EXERCISE INSTRUCTIONS
Set down, exactly and with no pictures, the line that contains "AONW Cylinder Volume" and all lines after it in the listing.

SOURCE MATERIAL
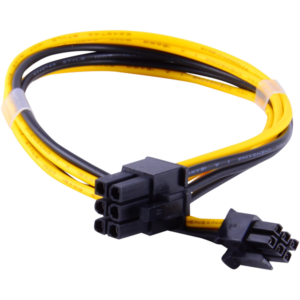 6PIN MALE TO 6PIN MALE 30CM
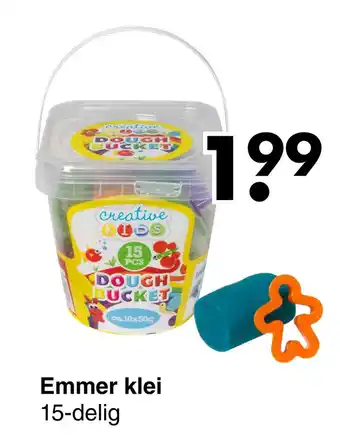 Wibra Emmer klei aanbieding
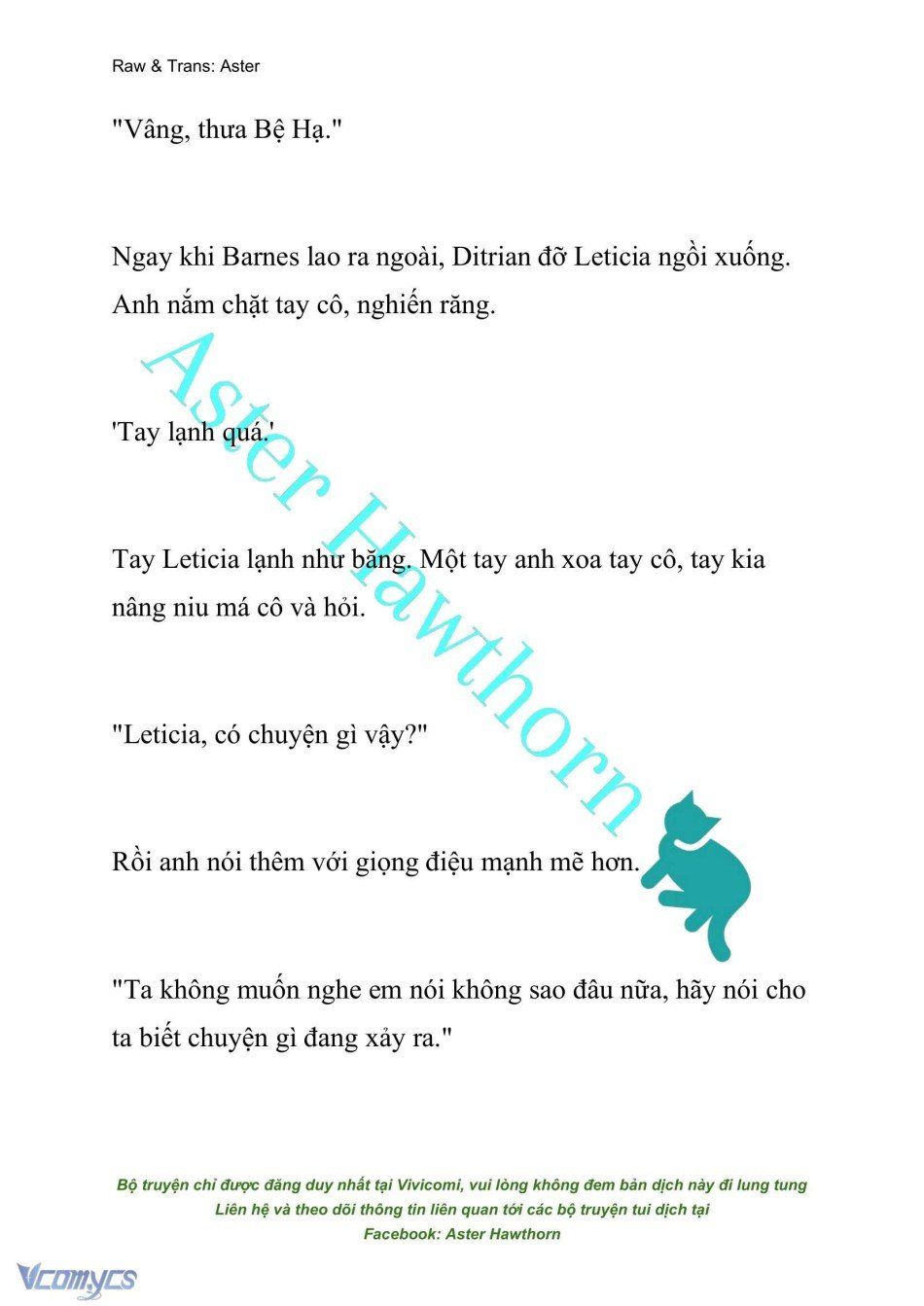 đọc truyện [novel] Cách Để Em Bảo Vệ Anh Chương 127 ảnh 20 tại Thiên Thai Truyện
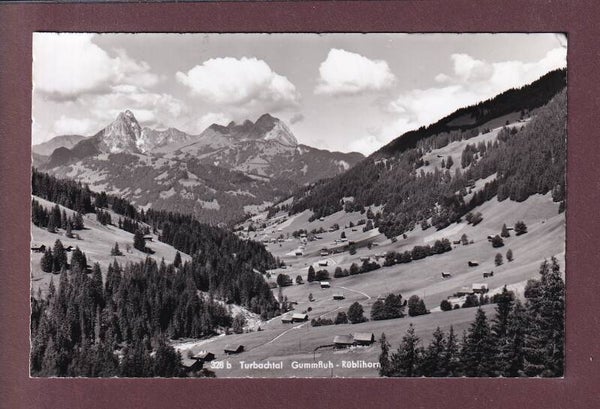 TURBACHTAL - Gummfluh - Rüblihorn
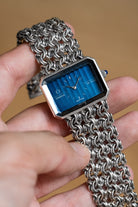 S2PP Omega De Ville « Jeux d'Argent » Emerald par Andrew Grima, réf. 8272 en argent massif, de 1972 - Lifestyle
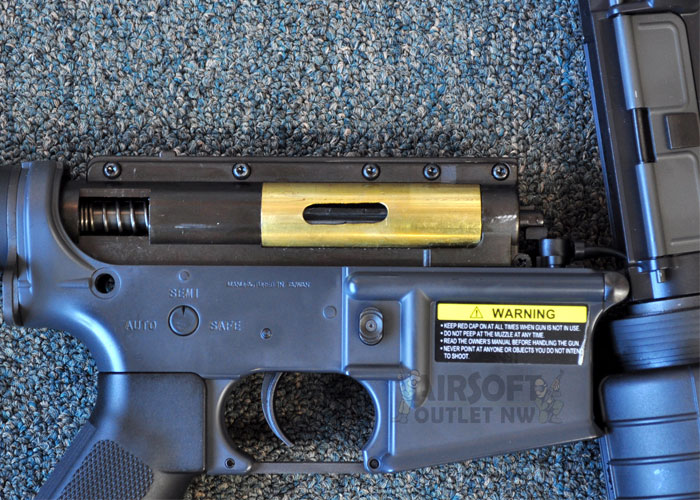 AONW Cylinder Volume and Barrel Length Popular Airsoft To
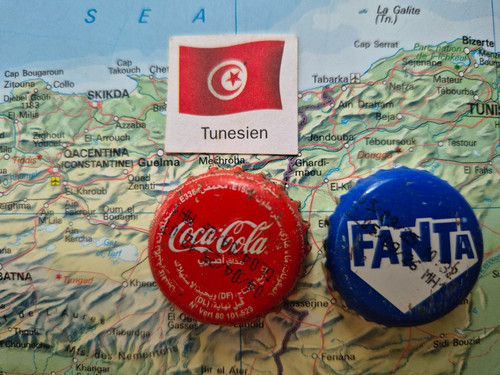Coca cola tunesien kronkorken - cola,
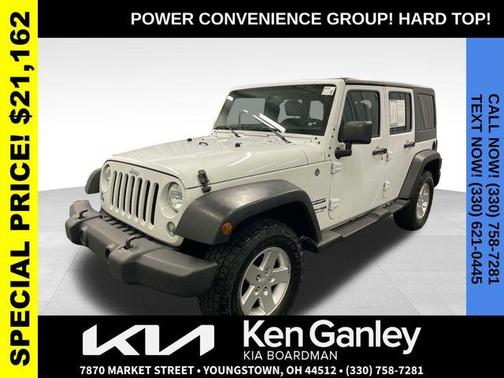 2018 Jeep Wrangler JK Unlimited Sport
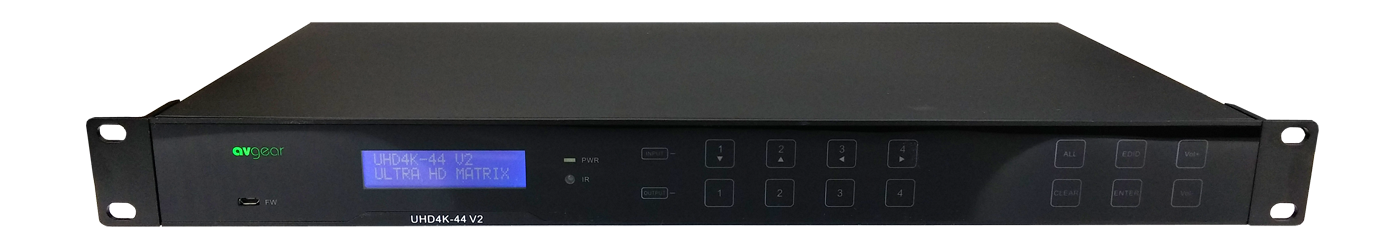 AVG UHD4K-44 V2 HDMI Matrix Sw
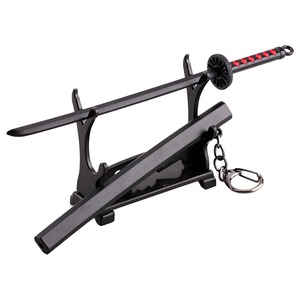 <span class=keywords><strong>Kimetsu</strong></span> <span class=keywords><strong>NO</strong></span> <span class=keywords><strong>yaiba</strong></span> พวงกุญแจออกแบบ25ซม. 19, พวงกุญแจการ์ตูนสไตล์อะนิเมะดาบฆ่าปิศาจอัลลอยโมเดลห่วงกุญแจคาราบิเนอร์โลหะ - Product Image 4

RESPONSE AREA
 AONW Cylinder Volume and Barrel Length Popular Airsoft To
Coca cola tunesien kronkorken - cola,
 2018 Jeep Wrangler JK Unlimited Sport
 AVG UHD4K-44 V2 HDMI Matrix Sw
 <span class=keywords><strong>Kimetsu</strong></span> <span class=keywords><strong>NO</strong></span> <span class=keywords><strong>yaiba</strong></span> พวงกุญแจออกแบบ25ซม. 19, พวงกุญแจการ์ตูนสไตล์อะนิเมะดาบฆ่าปิศาจอัลลอยโมเดลห่วงกุญแจคาราบิเนอร์โลหะ - Product Image 4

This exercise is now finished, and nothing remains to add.